O'Donnell doesn't like this, even though most viewers apparently do. Maybe that's why her overriding pitch for Rosie Live -- "Imagine if you took out the judging and put even more talented people on!" -- went unanswered until NBC Entertainment co-chairman Ben Silverman finally bit. O'Donnell thinks it might be because Silverman told her his mother was a big fan of her old syndicated daytime talk show, which O'Donnell self-canceled in May 2002.

"I thought I had 'Career Achievement' completed" with The Rosie O'Donnell Show, she says. Talking to a who's who of big-name stars was "like being at the all-you-can-eat buffet."

But she bit when ABC's Barbara Walters and The View came calling. O'Donnell's subsequent abrupt departure, in May 2007, came after her outspoken political views led to feuds with Trump and conservative co-host Elisabeth Hasselbeck among others.

"After I left the show, I couldn't watch it," O'Donnell says. "It would almost be like post-traumatic stress disorder." In her view, "When your own team doesn't support you, it's time to take off the uniform."

She compares Walters to the mom who wants everyone to co-exist happily on Thanksgiving and other big family holidays: "No matter what, Barbara wants everyone to think and act as though they get along. But that's not the reality . . . For me what happened on the show was a personal argument with a friend (Walters) that was publicly displayed. I didn't want to be paid to fight."

Walters' recent bestselling autobiography says little about the backstage realities of The View. So O'Donnell fills in more blanks. "I wasn't happy that I did not have control of the show," she says, referring to the autonomy she had as executive producer and star of The Rosie O'Donnell Show. "It was a very difficult transition for me to make. When you're the shortstop on the team, you don't get to be the coach. I did enjoy the program right up until the day it all went crazy."

O'Donnell, 46, married the former Kelli Carpenter, who has taken her surname, on Feb. 26, 2004 during a San Francisco ceremony that later was ruled invalid by the California Supreme Court. She's mostly been publicly mum on recent events in California, where voters supported Proposition 8's overturning of a more recent state Supreme Court ruling that recognized same-sex marriages.
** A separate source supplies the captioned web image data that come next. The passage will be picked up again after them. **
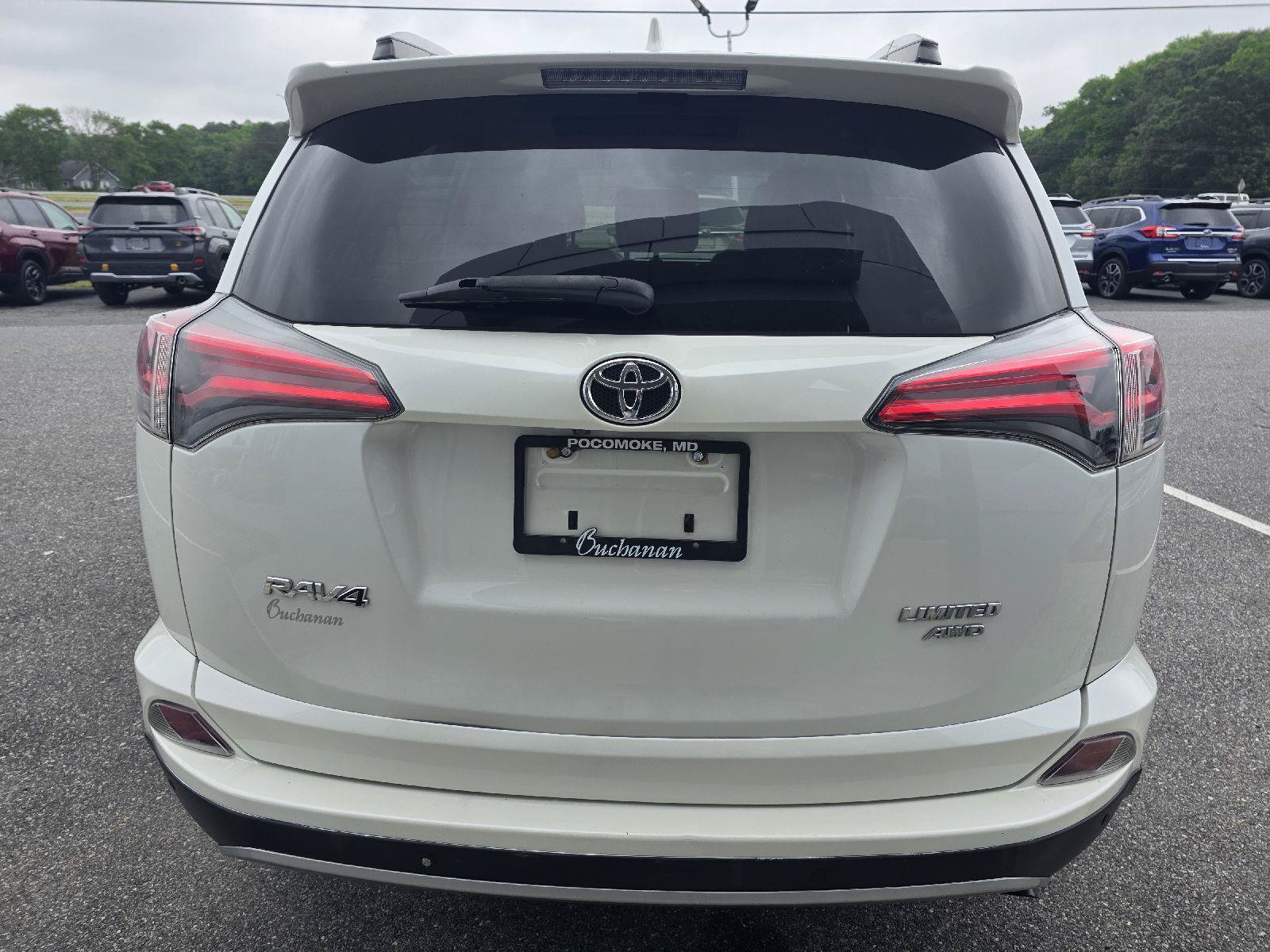 Used 2017 Toyota RAV4 Limited w/ Advanced Technology Package AWD/4WD image 6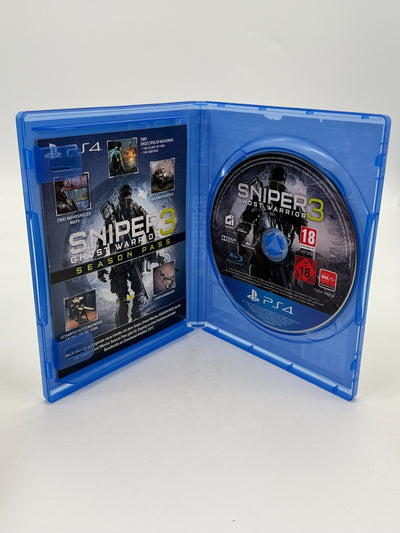 Sniper Ghost Warrior 3 Sony Playstation 4 Very good condition CIB OVP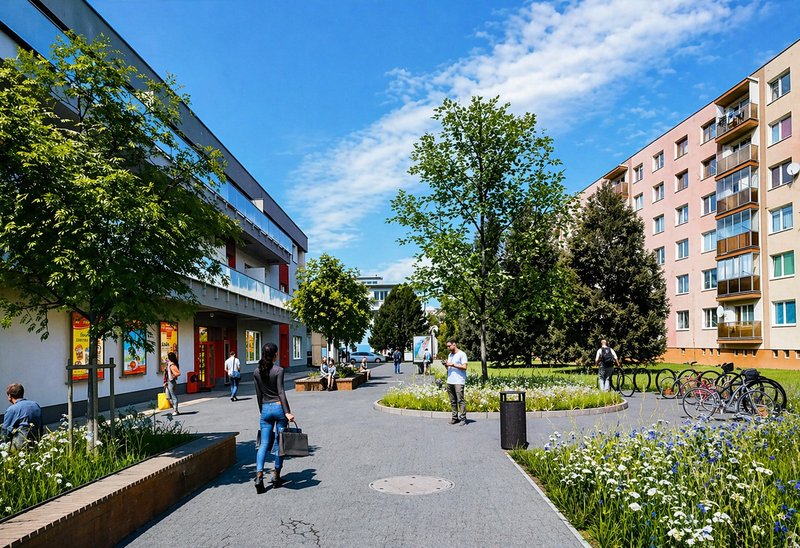 Vyše 600 nových rastlín v centre Mikuláša. Pozrite sa, kde všade pribudnú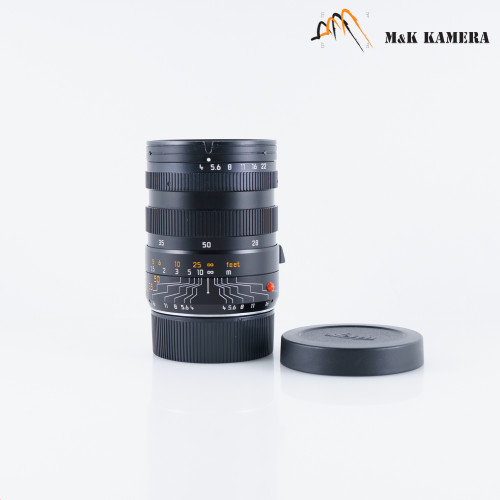 Leica Tri-Elmar-M 28-35-50mm F/4.0 E49 ASPH Lens Yr.2001 Germany 11625 #024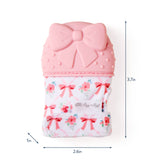 Itzy Mitt™ Silicone Teething Mitt - Bow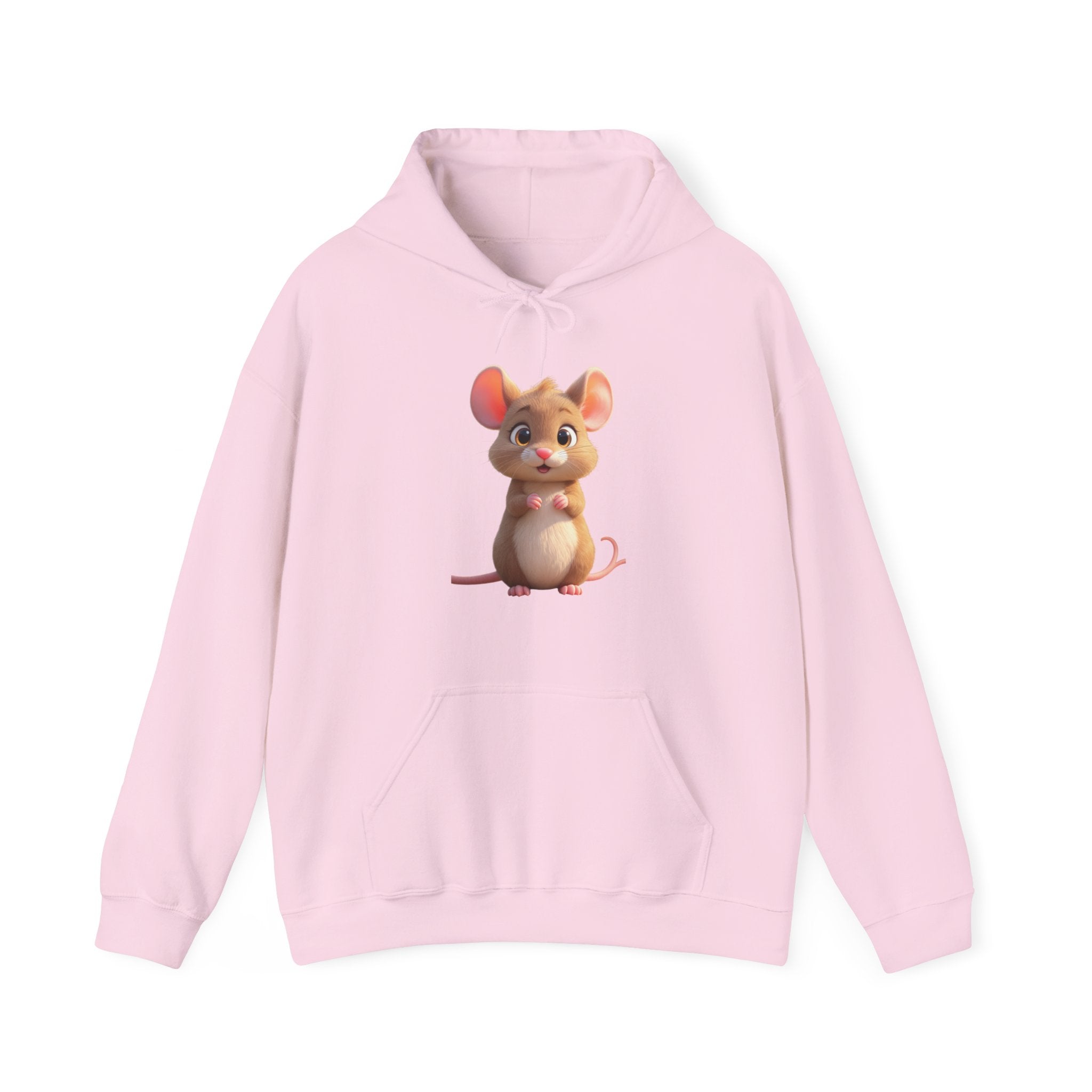 Cute "3D Mouse" Hoodie — Inspirational Sweatshirt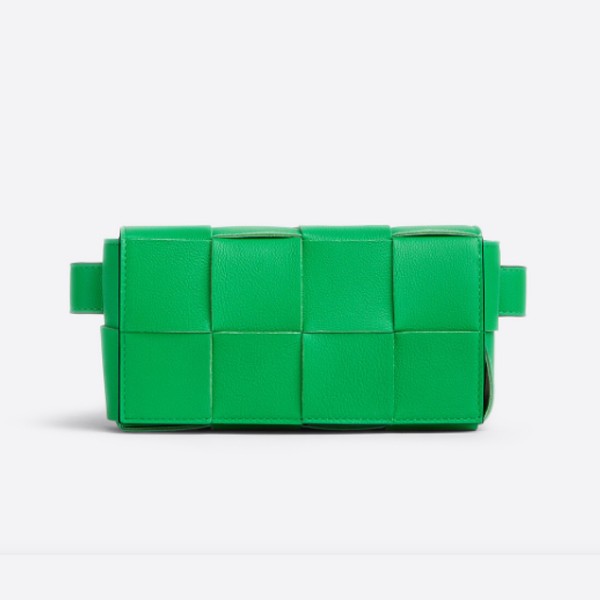 Bottega Veneta Cassette Bag Paraquet/Black 710141V1Q713819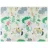 Covor educativ Petite&Mars Covoras de joaca pliabil 2 in 1 Petite&Mars Campy Jungle&Hexagon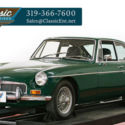 1969 MG B-GT  0 British Racing Greeen Coupe 1.8 Liter I4 4 Speed Manual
"I don't think there's anybody in the country who doesn't know I'm for gay marriage," O'Donnell says. "I was surprised when people said I'm not vocal enough. I got married before anyone else did."

Rosie and Kelli, who has a degree from Dallas-based Southern Methodist University, are now parenting four children. The youngest, Vivienne, was birthed by Kelli on Nov. 29, 2002.

O'Donnell says she's "not so hung up" on using the word "marriage" to define gay partnerships. For her it's far less important than the rights of children under such unions.

On election day, "I was so overwhelmed and afraid that my dream for the nation would fall short of reality," she says of Barack Obama's election. "It's almost as if the last eight years have been some sort of bad dream."

"George Bush as the president has lowered the bar as to what's intellectually acceptable, especially on TV," O'Donnell adds. "Also we have to hold the media responsible. For the last years they've kind of dropped the ball."

Obviously she hasn't stifled herself. But with Rosie Live, she supposedly will. No politics, O'Donnell pledges. Just old-school song, dance and comedy, starting with an opening duet she'll do with Minnelli.

"I think America's ready," O'Donnell says. Take that any way you'd like.